There is also a different system for dealing with death, meaning of people. When someone approaches death, or actually dies, everyone in the village hears about it and gets involved, first by visiting the person if they are gravely ill - if they did not die in an accident - and then by attending their wake, and cremation or burial.
This pattern shapes one's views, subtly but strongly. Death in such an environment is more accepted as a part of life, and as inevitable, since it is confronted more frequently. Of course, this doesn't make it any easier. Death is still death.
The provision of care
A related difference between traditional and modern is in the caring functions of society: the ways in which people in need of assistance, including the elderly and the unwell, are helped.
In traditional societies, these services are given by your family, by other members of the local community, by local clinics, and if need be by regional hospitals. Indeed, in such communities many people are often willing to help, if only in small ways.
In the modern world, though, such care is provided by large and impersonal institutions, albeit with the latest technology.
Another significant difference between traditional and modern is that in the former people appear more willing to share, beginning with their labor. For example, if someone wants to harvest their fields, their friends join in to help. The field owner in turn provides dinner for the workers, and perhaps a share of the harvest.
What these and similar practices do is create an environment that somewhat de-emphasizes the idea of private ownership, compared to the modern world. Many more things are effectively viewed as commons. Indeed, the shift from traditional to modern, and the related development from communal to private, meant that in many cases sharing, where you could take what you needed, became theft.
A final aspect of our traditional lifestyle was that we regularly saw the night sky, the vast expanse of the universe and its stars. This is what led us to speculate about the mystery of creation, and it actually tempered our chauvinism. We were only a small and quite possibly insignificant part of the universe.

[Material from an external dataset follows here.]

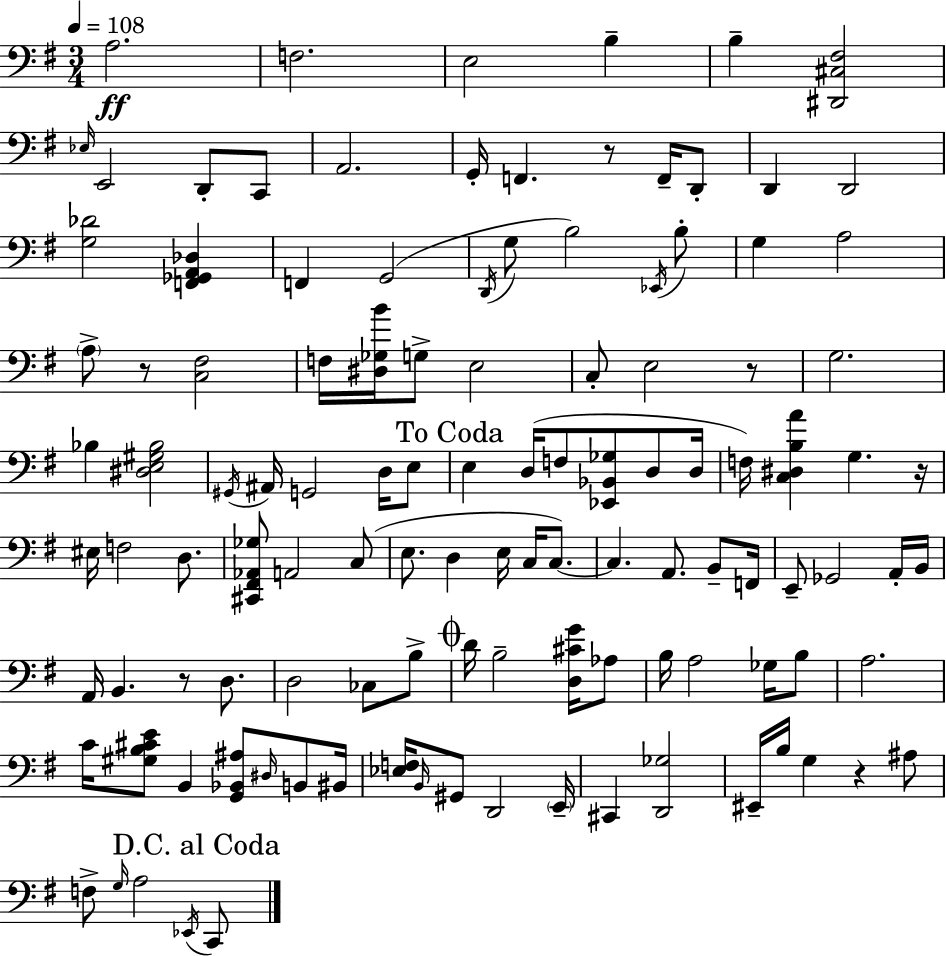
A3/h. F3/h. E3/h B3/q B3/q [D#2,C#3,F#3]/h Eb3/s E2/h D2/e C2/e A2/h. G2/s F2/q. R/e F2/s D2/e D2/q D2/h [G3,Db4]/h [F2,Gb2,A2,Db3]/q F2/q G2/h D2/s G3/e B3/h Eb2/s B3/e G3/q A3/h A3/e R/e [C3,F#3]/h F3/s [D#3,Gb3,B4]/s G3/e E3/h C3/e E3/h R/e G3/h. Bb3/q [D#3,E3,G#3,Bb3]/h G#2/s A#2/s G2/h D3/s E3/e E3/q D3/s F3/e [Eb2,Bb2,Gb3]/e D3/e D3/s F3/s [C3,D#3,B3,A4]/q G3/q. R/s EIS3/s F3/h D3/e. [C#2,F#2,Ab2,Gb3]/e A2/h C3/e E3/e. D3/q E3/s C3/s C3/e. C3/q. A2/e. B2/e F2/s E2/e Gb2/h A2/s B2/s A2/s B2/q. R/e D3/e. D3/h CES3/e B3/e D4/s B3/h [D3,C#4,G4]/s Ab3/e B3/s A3/h Gb3/s B3/e A3/h. C4/s [G#3,B3,C#4,E4]/e B2/q [G2,Bb2,A#3]/e D#3/s B2/e BIS2/s [Eb3,F3]/s B2/s G#2/e D2/h E2/s C#2/q [D2,Gb3]/h EIS2/s B3/s G3/q R/q A#3/e F3/e G3/s A3/h Eb2/s C2/e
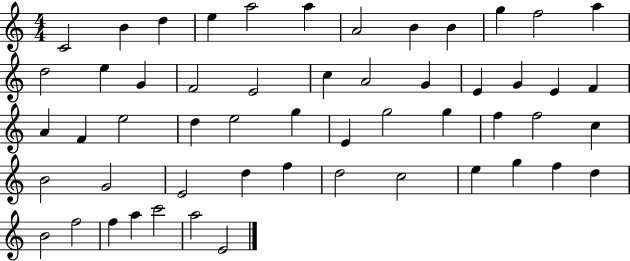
C4/h B4/q D5/q E5/q A5/h A5/q A4/h B4/q B4/q G5/q F5/h A5/q D5/h E5/q G4/q F4/h E4/h C5/q A4/h G4/q E4/q G4/q E4/q F4/q A4/q F4/q E5/h D5/q E5/h G5/q E4/q G5/h G5/q F5/q F5/h C5/q B4/h G4/h E4/h D5/q F5/q D5/h C5/h E5/q G5/q F5/q D5/q B4/h F5/h F5/q A5/q C6/h A5/h E4/h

But, with the formation of towns and cities through urban migration, coupled with electricity generation and the invention of the light bulb, we lost this view, and perspective.
And, coupled with another outcome of technology, the idea that we could control nature - which was also our first step away from the view that we were part of it - this led to a great increase in our chauvinism, that the only thing that mattered was us.
However, the picture is of course not completely one-sided. Many modern toys are fun, and modern life is in some ways easier and more convenient. Moreover, and more importantly, modern culture has shifted the emphasis to the individual. It requires that we make our own choices - although I would add that this occurs in the context of heavy social promotion of a particular set of choices.
Next, the modern world also rewards originality, creativity and excellence, but again, this is only sometimes, such as when they do not get in the way of nepotism.
Traditional culture, on the other hand, has its own problems. As an article by Sujit Wongthes that I once read said, in its focus on community, traditional cultures have less room for the individual. In some cases they even reward mediocrity, the idea that no one should shine.
So, and in conclusion, which is best? Personally, I haven't a clue. I like both. But, for you, you can be modern, or traditional, and you don't even have to leave your home to do it. The world is becoming so diverse. You can pursue either style of life in many if not most places.
I just wanted to show that both types of lives have benefits, and costs. You have to decide which is right for you.